INFORMATION SUPPLIED

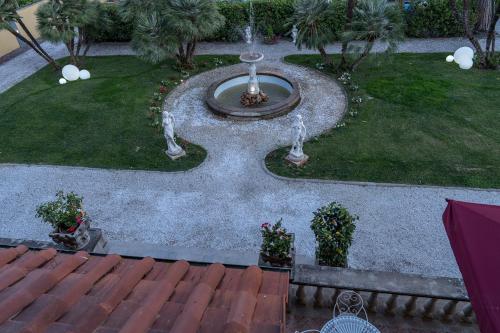 a garden with a fountain in the middle of a yard at The Rif - Boutique Hotel in Pisa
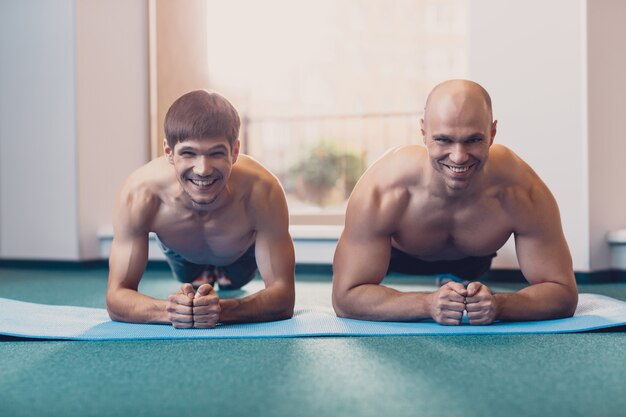 Due uomini si esibiranno in allenamento fitness in palestra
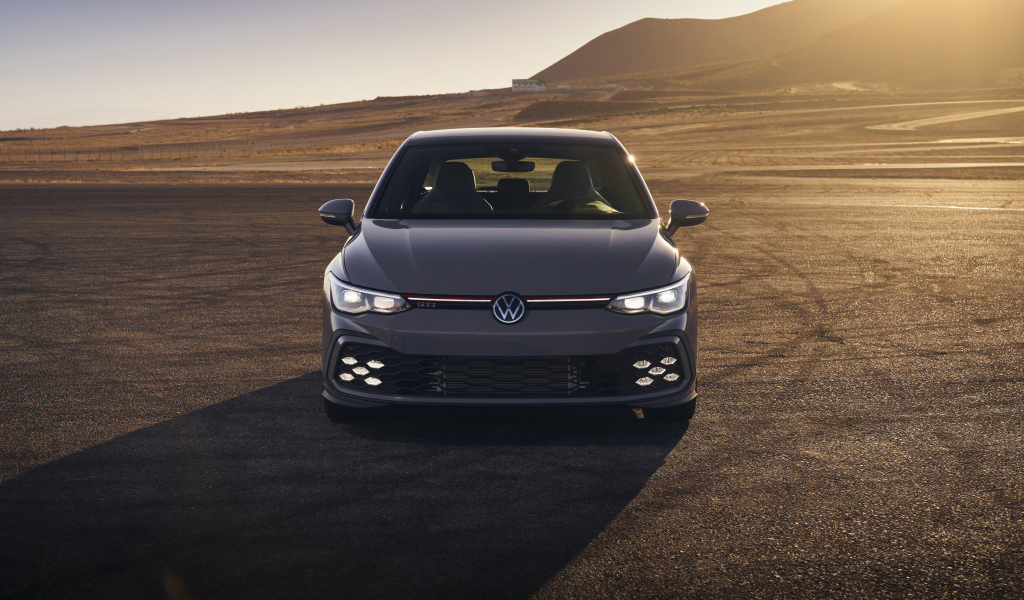 Автомобиль Volkswagen Golf GTI, 2022 года в пустыне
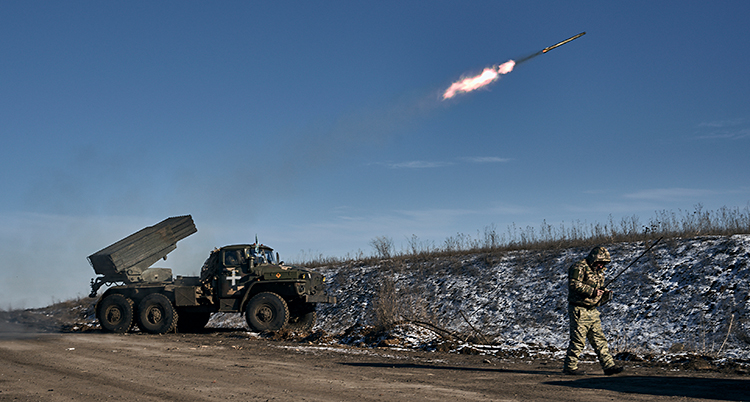 Ukrainska soldater skjuter iväg ett vapen från en lastbil.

TASK DIRECTIONS
Everything in the listing except the pictures must be reproduced exactly.

RESULT OF THE TASK
 a garden with a fountain in the middle of a yard at The Rif - Boutique Hotel in Pisa
 Due uomini si esibiranno in allenamento fitness in palestra
 Автомобиль Volkswagen Golf GTI, 2022 года в пустыне
 Ukrainska soldater skjuter iväg ett vapen från en lastbil.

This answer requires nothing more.